(Stored data)
········

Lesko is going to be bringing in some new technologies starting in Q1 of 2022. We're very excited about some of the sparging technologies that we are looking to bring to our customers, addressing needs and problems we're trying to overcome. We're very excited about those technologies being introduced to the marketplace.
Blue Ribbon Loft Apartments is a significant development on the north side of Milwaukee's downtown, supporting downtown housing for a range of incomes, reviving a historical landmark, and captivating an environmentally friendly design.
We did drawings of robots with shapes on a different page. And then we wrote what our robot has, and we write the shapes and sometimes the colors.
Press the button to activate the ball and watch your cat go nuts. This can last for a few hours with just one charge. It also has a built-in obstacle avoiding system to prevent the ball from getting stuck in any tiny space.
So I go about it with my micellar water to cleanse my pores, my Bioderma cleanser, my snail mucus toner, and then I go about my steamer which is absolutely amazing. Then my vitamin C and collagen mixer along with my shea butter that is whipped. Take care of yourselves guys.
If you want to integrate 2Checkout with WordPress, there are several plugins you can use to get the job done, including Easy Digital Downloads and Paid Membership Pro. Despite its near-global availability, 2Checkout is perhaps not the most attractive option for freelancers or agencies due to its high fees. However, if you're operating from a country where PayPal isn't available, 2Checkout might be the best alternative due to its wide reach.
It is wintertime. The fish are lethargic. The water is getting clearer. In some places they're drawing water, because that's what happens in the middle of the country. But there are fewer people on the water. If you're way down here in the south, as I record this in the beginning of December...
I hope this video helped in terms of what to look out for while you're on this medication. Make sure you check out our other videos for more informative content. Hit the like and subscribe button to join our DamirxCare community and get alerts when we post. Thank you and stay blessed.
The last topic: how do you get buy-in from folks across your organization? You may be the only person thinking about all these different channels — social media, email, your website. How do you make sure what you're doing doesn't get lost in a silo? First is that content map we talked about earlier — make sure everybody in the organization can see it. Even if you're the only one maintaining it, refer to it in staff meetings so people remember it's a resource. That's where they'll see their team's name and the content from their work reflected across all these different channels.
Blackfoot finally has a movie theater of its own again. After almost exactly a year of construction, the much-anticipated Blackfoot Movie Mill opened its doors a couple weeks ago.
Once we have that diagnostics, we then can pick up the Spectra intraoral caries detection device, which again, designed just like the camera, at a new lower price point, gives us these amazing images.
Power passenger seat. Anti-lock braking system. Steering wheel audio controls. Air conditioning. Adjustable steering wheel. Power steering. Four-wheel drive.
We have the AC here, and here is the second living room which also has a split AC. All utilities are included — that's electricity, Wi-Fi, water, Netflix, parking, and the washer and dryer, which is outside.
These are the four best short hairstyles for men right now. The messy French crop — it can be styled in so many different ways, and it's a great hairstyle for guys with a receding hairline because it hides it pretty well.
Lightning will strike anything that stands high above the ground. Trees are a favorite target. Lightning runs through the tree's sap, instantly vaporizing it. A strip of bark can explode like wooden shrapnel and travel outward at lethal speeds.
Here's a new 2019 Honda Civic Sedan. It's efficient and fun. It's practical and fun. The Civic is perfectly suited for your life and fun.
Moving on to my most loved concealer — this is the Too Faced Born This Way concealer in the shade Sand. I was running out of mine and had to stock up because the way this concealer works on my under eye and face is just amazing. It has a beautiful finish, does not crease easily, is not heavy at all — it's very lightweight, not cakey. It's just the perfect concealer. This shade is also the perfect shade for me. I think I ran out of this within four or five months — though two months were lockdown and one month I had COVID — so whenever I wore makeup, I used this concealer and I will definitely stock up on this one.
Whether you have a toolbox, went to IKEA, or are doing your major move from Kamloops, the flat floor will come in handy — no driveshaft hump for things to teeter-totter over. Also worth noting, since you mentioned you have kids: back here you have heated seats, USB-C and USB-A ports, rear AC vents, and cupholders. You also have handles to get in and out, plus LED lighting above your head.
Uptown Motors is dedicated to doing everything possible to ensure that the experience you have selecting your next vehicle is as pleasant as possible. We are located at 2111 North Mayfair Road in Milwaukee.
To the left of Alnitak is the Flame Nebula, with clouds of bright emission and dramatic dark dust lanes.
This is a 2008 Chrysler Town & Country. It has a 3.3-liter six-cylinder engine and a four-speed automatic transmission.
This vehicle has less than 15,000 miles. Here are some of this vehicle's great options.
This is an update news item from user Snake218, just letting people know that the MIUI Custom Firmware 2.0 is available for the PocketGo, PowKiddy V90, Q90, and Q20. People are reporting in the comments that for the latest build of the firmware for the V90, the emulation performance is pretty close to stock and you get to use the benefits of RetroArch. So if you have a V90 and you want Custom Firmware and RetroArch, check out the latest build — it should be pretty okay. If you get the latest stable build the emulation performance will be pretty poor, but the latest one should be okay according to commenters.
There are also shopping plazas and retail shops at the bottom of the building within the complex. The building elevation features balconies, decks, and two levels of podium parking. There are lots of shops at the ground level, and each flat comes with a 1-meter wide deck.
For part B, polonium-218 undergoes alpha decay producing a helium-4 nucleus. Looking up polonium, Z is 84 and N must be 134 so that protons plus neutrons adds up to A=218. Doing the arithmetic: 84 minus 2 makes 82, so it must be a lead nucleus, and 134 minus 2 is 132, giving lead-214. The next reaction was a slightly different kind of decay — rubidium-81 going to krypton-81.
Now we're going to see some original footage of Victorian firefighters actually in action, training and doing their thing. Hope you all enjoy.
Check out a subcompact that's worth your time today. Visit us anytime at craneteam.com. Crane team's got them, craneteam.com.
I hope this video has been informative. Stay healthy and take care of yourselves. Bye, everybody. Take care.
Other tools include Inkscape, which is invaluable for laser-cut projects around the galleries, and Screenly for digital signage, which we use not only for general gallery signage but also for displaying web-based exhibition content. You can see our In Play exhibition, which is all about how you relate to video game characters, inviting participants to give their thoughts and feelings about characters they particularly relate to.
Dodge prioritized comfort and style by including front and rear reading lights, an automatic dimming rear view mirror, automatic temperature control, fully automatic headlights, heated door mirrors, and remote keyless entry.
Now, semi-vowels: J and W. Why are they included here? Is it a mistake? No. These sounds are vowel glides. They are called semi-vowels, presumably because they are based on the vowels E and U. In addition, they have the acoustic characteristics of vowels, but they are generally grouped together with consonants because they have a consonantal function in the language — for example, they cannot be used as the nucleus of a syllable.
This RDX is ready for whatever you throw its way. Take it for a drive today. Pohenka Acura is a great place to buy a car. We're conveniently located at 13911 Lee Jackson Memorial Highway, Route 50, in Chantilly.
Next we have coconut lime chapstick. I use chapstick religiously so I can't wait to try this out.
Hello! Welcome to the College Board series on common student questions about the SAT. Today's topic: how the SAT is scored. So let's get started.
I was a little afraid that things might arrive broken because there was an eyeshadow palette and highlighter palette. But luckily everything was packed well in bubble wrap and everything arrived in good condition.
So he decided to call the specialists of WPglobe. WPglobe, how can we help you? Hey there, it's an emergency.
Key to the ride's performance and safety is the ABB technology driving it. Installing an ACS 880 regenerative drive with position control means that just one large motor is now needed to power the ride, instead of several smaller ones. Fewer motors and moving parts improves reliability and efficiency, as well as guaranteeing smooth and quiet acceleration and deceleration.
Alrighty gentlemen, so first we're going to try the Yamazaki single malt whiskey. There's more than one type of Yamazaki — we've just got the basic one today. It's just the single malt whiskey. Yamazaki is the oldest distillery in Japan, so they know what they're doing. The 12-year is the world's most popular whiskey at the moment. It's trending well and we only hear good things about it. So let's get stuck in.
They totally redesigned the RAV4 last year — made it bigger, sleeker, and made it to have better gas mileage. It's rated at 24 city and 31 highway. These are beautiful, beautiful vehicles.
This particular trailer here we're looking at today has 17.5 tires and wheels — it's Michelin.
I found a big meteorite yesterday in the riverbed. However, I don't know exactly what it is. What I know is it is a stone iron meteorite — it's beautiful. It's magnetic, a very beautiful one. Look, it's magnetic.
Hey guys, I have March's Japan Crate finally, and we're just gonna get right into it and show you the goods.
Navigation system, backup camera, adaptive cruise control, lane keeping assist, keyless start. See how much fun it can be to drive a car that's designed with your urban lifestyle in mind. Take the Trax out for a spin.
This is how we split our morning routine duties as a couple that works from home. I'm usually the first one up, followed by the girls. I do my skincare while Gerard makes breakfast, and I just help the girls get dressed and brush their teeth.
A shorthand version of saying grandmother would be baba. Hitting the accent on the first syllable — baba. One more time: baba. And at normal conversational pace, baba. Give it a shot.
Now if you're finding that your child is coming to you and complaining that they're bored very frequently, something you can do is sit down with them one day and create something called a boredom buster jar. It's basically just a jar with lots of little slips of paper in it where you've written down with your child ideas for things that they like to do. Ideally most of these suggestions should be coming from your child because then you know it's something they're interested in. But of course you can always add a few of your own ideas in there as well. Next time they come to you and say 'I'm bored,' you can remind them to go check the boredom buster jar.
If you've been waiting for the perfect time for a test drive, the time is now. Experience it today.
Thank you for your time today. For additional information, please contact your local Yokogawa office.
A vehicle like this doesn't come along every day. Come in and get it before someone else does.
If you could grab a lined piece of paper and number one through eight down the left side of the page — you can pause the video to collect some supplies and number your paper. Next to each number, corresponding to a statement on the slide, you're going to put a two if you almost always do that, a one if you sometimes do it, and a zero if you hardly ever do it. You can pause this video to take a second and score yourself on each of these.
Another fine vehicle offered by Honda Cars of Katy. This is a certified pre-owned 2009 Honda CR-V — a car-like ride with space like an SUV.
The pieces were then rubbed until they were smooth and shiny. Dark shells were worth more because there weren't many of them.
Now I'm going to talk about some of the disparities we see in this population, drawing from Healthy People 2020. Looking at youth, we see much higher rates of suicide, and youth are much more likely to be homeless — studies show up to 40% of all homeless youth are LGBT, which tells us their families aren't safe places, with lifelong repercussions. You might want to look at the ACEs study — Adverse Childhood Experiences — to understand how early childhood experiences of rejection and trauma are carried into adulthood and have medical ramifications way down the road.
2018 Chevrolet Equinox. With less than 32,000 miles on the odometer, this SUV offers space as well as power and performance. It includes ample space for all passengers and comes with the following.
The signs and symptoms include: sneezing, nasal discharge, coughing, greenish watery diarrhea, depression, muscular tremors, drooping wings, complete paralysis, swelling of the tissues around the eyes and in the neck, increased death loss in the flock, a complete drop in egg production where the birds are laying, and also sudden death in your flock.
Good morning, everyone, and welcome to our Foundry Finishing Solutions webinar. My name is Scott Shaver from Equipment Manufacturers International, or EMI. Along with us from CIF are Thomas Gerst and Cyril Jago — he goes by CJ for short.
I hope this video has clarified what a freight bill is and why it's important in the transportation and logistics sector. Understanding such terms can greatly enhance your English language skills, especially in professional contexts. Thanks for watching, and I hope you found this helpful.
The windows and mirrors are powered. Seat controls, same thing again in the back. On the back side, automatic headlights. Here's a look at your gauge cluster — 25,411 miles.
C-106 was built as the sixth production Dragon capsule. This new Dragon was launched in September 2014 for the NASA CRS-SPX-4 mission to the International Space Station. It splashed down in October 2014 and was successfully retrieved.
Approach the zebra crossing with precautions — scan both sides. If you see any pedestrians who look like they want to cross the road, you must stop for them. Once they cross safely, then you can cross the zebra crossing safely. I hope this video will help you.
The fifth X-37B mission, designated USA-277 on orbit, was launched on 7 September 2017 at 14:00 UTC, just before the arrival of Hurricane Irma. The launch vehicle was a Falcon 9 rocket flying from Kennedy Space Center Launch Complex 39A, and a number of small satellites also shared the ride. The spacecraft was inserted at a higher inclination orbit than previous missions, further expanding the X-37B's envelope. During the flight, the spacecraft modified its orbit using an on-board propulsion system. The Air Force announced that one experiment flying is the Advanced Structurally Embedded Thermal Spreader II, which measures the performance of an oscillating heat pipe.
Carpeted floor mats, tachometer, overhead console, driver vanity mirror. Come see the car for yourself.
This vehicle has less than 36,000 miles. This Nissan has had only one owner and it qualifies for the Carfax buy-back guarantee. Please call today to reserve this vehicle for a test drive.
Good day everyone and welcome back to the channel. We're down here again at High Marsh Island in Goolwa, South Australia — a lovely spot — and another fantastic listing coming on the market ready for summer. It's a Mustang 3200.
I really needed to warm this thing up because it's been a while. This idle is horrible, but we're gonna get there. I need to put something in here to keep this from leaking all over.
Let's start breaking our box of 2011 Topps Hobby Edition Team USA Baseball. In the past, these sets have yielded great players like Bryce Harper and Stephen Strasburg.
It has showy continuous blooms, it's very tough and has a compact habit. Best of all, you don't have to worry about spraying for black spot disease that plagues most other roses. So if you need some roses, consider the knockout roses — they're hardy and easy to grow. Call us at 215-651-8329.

········

Would you copy out exactly the lines above that start at the one containing "C-106 was built" and end at the one containing "The fifth X-37B", inclusive?

C-106 was built as the sixth production Dragon capsule. This new Dragon was launched in September 2014 for the NASA CRS-SPX-4 mission to the International Space Station. It splashed down in October 2014 and was successfully retrieved.
Approach the zebra crossing with precautions — scan both sides. If you see any pedestrians who look like they want to cross the road, you must stop for them. Once they cross safely, then you can cross the zebra crossing safely. I hope this video will help you.
The fifth X-37B mission, designated USA-277 on orbit, was launched on 7 September 2017 at 14:00 UTC, just before the arrival of Hurricane Irma. The launch vehicle was a Falcon 9 rocket flying from Kennedy Space Center Launch Complex 39A, and a number of small satellites also shared the ride. The spacecraft was inserted at a higher inclination orbit than previous missions, further expanding the X-37B's envelope. During the flight, the spacecraft modified its orbit using an on-board propulsion system. The Air Force announced that one experiment flying is the Advanced Structurally Embedded Thermal Spreader II, which measures the performance of an oscillating heat pipe.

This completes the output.